The HPD SWAT team won the station championship!

“This is a great accomplishment,” Capt. Smith said. “Everybody here is supporting them and are very, very proud of them. These guys train on their own and bought their own competition rifles and pistols. The Union sponsored them in the TTPOA competition and they just worked hours and hours on their own training.

“Now after finishing second or third in previous years we’re going to a national event when we can show we’re the elite and the best of the best and actually have a trophy to show for it.”

Smith praised the work ethic of the SWAT competitors and couldn’t help but pass along how proud he is of SWAT’s overall conditioning program at its headquarters in an old military reserve with a gym on Highway 290.

The tireless team – which finished first in three of the eight events – was bound for the next round in Orlando, Florida Nov. 13-18 in what is known as SWAT Round-up International.

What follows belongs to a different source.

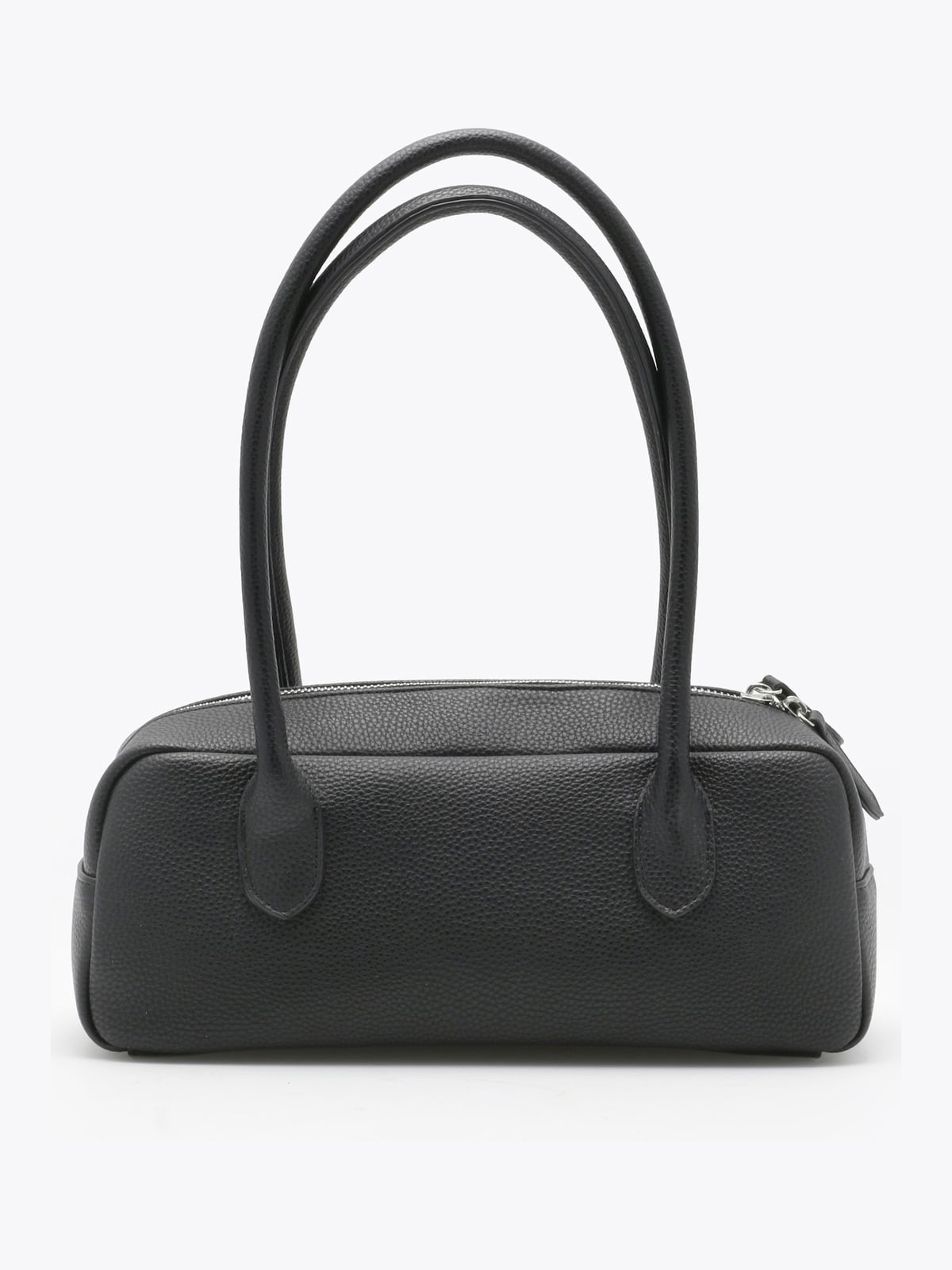 Roberto Rosso Gigi Handbag Black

“It’s hard to say we’re the best one,” team captain Marco Lopez explained, pointing out that SWAT’s main objective is not necessarily being “the best SWAT team” in Texas or the nation but being ready to be the best one protecting Houston. “We were the best one sent from all these cities, based on a competition.

“They get you stressed out, your heart rate up as far as it will go and force you to make crucial decisions in those stressful conditions.”

In Orlando, the six members of the HPD team will compete with 59 other teams, including the state champions from about every state in the Union.

By meeting the challenge of the stressful standards of the Burnet ranch competition, HPD’s SWAT team won three of the eight events, thus earning the John Riojas trophy as the top SWAT competition team in the state of Texas.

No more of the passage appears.